Part of the problem in trajectory characterization stems from the fact that splitting the original trajectories into sub-trajectories even with a shorter duration, may still result in denser check-ins in some of the sub-trajectories. To address this issue (long-term variable-length location sequences), we incorporate several variants of well-known RNN models, i.e., LSTM [24] and GRU [14], as well as the stacked and bidirectional RNNs, into TULER. These are aiming at controlling the input and output of trajectory embeddings. We provide a brief description of the use of LSTM and GRU model used in TULER next.

3.3.1 TULER with LSTM

Given a sub-trajectory T = {l1,l2,...,lk}, let ht− 1, ht and \(\tilde {h}_{t}\) denote the respective last, current and candidate embedding state. The LSTM model that we incorporated in TULER is implemented as follows:

$$ \begin{array}{@{}rcl@{}} i_{t} &=& \sigma(W_{i} \textbf{v}^{t}(l_{i}) + U_{i} h_{t-1} + V_{i} c_{t-1} + b_{i}), \end{array} $$
(2)
$$ \begin{array}{@{}rcl@{}} f_{t} &=& \sigma(W_{f} \textbf{v}^{t}(l_{i}) + U_{f} h_{t-1} + V_{f} c_{t-1} + b_{f}), \end{array} $$
(3)
$$ \begin{array}{@{}rcl@{}} o_{t} &=& \sigma(W_{o} \textbf{v}^{t}(l_{i}) + U_{o} h_{t-1} + V_{o} c_{t} + b_{o}) \end{array} $$
(4)

where it, ft, ot and b respectively denote the input gate, forget gate, output gate and bias vector. Also, σ denotes the logistic sigmoid function; the different gate parameters are specified by the matrices W, U and V (\(\in \mathbb {R}^{d \times d}\)); and vt(li) is the embedding of the check-in location li. The memory cell ct is updated by partially replacing the existing memory unit with a new cell ct as follows:

$$ c_{t} = f_{t} c_{t-1} + i_{t} \tanh(W_{c} \textbf{v}(l_{i}) + U_{c} h_{t-1} + b_{c}) $$
(5)

Then, the trajectory embedding is updated as:

$$ h_{t} = o_{t} \odot \tanh(c_{t}) $$
(6)

where σ(⋅) and tanh(⋅) denote the sigmoid and hyperbolic tangent function, and ⊙ denotes the entry-wise product.

3.3.2 TULER with GRU

TULER with GRU models the trajectory embedding using extra gating units, in a similar spirit to the LSTM method, however, it does so without separated memory cells. The state of ht is updated by a linear interpolation between the last state ht− 1 and the candidate state \(\tilde {h_{t}}\) in the following manner:

$$ h_{t} = (1 - g_{t}) h_{t-1} + g_{t}\tilde{h}_{t} $$
(7)

where gt is the update gate, deciding by how much the unit will updates its activation:

$$ g_{t} = \sigma(W_{z} \textbf{v}^{t}(l_{i}) + U_{z} h_{t-1}) $$
(8)

The computation of the candidate state \(\tilde {h}_{t}\) is much like a traditional RNN unit:

$$ \tilde{h}_{t} = \tanh(W \textbf{v}^{t}(l_{i}) + U (s_{t} \odot h_{t-1})) $$
(9)

with st denoting the set of reset gates; computed, in turn, very similarly to updating the gate, as:

$$ s_{t} = \sigma(W_{s} \textbf{v}^{t}(l_{i}) + U_{s} h_{t-1}) $$

3.3.3 Variants

We now discuss the implication of having certain variants of TULER (i.e., LSTM/GRU and Bidirectional LSTM [43]) stacked. The peculiarity of a stacked LSTM/GRU, is that the hidden state of a given unit in layer n, is subsequently used as an input to the unit in the layer n + 1 – except, at a same time step. The main objective of multi-RNN stacking is to grasp the longer check-in dependencies of a trajectory.

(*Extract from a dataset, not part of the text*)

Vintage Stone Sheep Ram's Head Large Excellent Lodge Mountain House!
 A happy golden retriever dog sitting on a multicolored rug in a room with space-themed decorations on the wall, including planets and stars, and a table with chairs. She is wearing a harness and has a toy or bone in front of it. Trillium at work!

There is a drawback to stacking, though – the training time of a stacked TULER increases exponentially with the number of layers. An option to alleviate this issue is to use Bidirectional LSTM by running two LSTMs in parallel: (1) on the sequential check-in embedding vectors, and (2) on the reverse embedding vectors. As it turns out, this may yield a substantial reduction in the time for training the model, in comparison with the general and stacked LSTM/GRU based TULER. We note that the performance of using different types of deep TULER is discussed in Section 5.

3.4 Trajectory-user linking

Linking the trajectories to the corresponding users is done by using a softmax output layer to calculate the corresponding estimated user distribution:

$$ \begin{array}{@{}rcl@{}} p(\hat{u}(l_{u}) = i |l_{u}; \kappa) = \frac{\exp\{B_{i} h_{u} + b^{i}\}}{{\sum}_{j=1}^{|u|} \exp\{B_{j} h_{u} + b^{j}\}}, \forall i = 1, \cdots, |u| \end{array} $$
(10)

The interpretaion of the symbols in the equation above is as follows: – \(\hat {u}(l_{u})\) is the predicted user of lu and hu is the final hidden state of RNN module; – the weight matrix \(B \in \mathbb {R}^{d\times |u|}\) and bias vector \(b \in \mathbb {R}^{1\times |u|}\) are the corresponding parameters in the softmax layer; Bi indicates the i-th column of B and bi indicates the i-th element of b; lastly, κ = {W,U,V,B,b} denotes the set of parameters that need to be learned.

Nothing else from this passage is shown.